→ **TASK INSTRUCTIONS**
Would you transcribe the listing exactly as it stands, minus any images?

→ **DATASET EXTRACT**

++++++

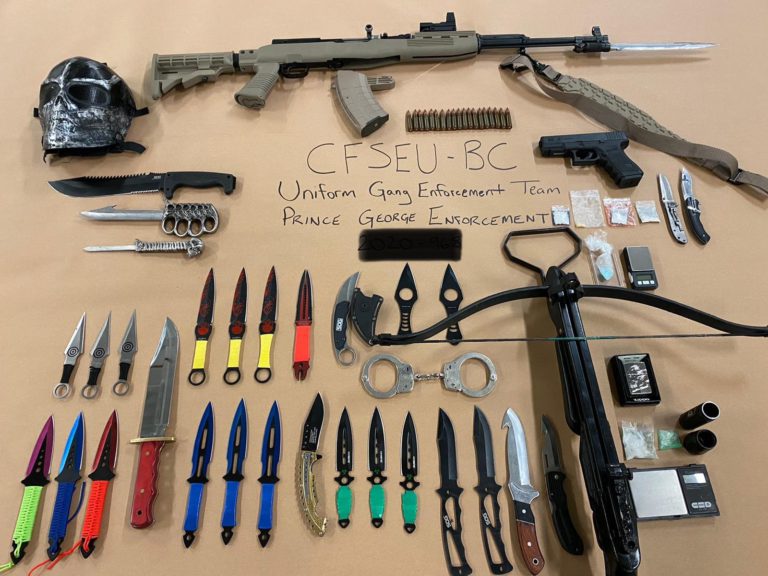 Significant number of weapons and small quantities of drugs seized in Prince George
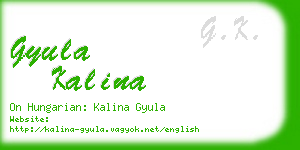 gyula kalina business card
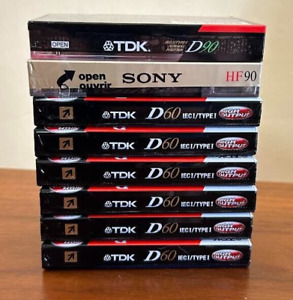 TDK and SONY Empty Cassettes D90, D-60, HF-90 Bundle of 8 units Sealed.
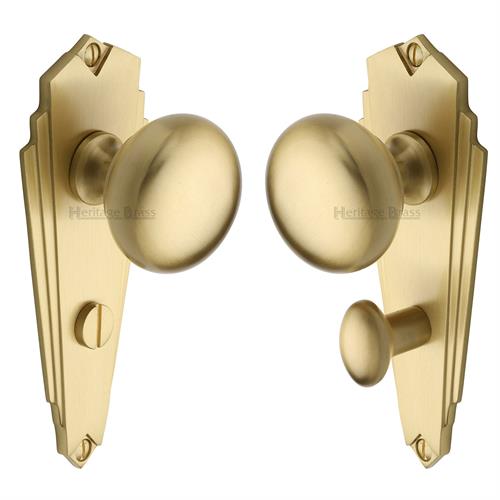Heritage Brass BR1830-SB Mortice Knob on Bathroom Plate Broadway Design Satin Brass finish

++++++

→ **ANSWER FOR THIS EXERCISE**
 Significant number of weapons and small quantities of drugs seized in Prince George
 gyula kalina business card
 TDK and SONY Empty Cassettes D90, D-60, HF-90 Bundle of 8 units Sealed.
Heritage Brass BR1830-SB Mortice Knob on Bathroom Plate Broadway Design Satin Brass finish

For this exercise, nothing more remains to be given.